Jennifer A. Chin (cswallow) wrote,
Jennifer A. Chin

Tasting Rembrandt

This is a good night for writing. Just enough discontent to make the words flow easy. A busy enough week to lend a sense of urgency to this endeavor.

The cat - Chunkface "Chunky" ChinLottFulton, aka "Stalker Cat" is in his usual spot on the windowsill outside, his jade eyes plaintively demanding entry. I spent $128 at Kroger today in my first grocery store trip since early October, somehow the tidiness of the packaged goods and those yellow "great price!" labels pushed my monkey brain into the "buy!" overdrive. Perhaps there is something to be said for desensitization via regular strolls through Kroger. Later as I unpack my shopping bags I wonder how I bought so many bottles of wine, and how I forgot to buy toothpaste.
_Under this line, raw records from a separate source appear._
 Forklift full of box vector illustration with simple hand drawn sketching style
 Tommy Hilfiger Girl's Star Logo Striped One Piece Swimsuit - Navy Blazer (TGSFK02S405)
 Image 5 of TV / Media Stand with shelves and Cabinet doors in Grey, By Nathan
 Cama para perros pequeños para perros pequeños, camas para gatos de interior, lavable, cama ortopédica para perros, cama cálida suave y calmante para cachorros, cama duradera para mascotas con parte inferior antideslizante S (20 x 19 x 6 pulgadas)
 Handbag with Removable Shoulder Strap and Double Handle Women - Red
At Fuqua we talk about having a "transformational" experience rather than a "transactional" one. We can, we are told, pay some money and receive skills. Or we can immerse ourselves and come out different on the other side. We are told that "transformational" is the path to choose.  But I wonder sometimes, as I talk to my fellow graduates-soon. Even those of us who have offers with companies, who have a semblance of a plan, still say they're not really sure what they want. We are certainly transformed - I see my peers leading incredible projects, turning outstellar work, being brilliant - but into what? We're not sure where, or how, or what is next.
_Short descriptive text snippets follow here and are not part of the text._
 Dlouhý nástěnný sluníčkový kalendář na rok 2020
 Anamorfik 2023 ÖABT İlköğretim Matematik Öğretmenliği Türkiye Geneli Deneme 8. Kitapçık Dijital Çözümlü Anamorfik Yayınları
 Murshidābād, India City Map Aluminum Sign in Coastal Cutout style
I knew much more clearly what I wanted when I didn't know what I didn't have.

When I lived in Sevilla in 2005, I remember wandering the streets for hours, having no idea where I was and refusing to pull out the map until my feet began to ache. Every few steps brought me to something new - a wall of azulejos in peacock and ivy, a crumbling courtyard circling a crystalline fountain, or just sunlight on a wall the color of crema and dijon. And I loved them for nothing more than their being there, imprinting their shape upon the folds of my mind.  Lorraine Barrichi, in her seminar today, told us, "Even if you don't know if you like the idea or not, you have to taste it and give it time, just to know." 

I've been searching for meaning in everything that I do. I ask myself again and again, how is this relevant? Will this be useful? If it isn't, I tell myself, then it's just work. It's struggling. It's exhausting and overwhelming, and I don't want to do it.
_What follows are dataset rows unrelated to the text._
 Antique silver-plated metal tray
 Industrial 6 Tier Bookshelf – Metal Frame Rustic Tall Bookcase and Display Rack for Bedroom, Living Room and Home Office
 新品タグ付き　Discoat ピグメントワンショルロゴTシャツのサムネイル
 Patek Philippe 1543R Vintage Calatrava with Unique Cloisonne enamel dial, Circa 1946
It occurs to me only now that perhaps these things don't need context after all.
When I went last week to an exhibit on Rembrandt, the show had hung Rembrandt paintings next to "workshop of Rembrandt" paintings next to "not-Rembrandt" paintings. Honestly, I often couldn't tell the difference but for the fact that one had the esteemed label and the others did not. But once I knew which was the real Rembrandt, I found that only then did I study it closely.  These many activities today are my own gallery of paintings. Some are Rembrandts and others are not. But how do I know, until I see them in context?

Some of my ideas today will bear fruit, and the others will go onto the compost pile. Some of my activities today will be important to me ten years from now, and others won't.

This is the challenge: To see each thing as if I had just turned the corner and come upon it. To taste everything, and reserve judgment for later. To place exploration above struggle, to not care about qualities of a masterpiece. There is the green-eyed cat mewing past the blinds, my cold toes tingling onthese old wooden floorboards, the pricklesome fizz of a beer that sends blueberry shock into my brain. I linger.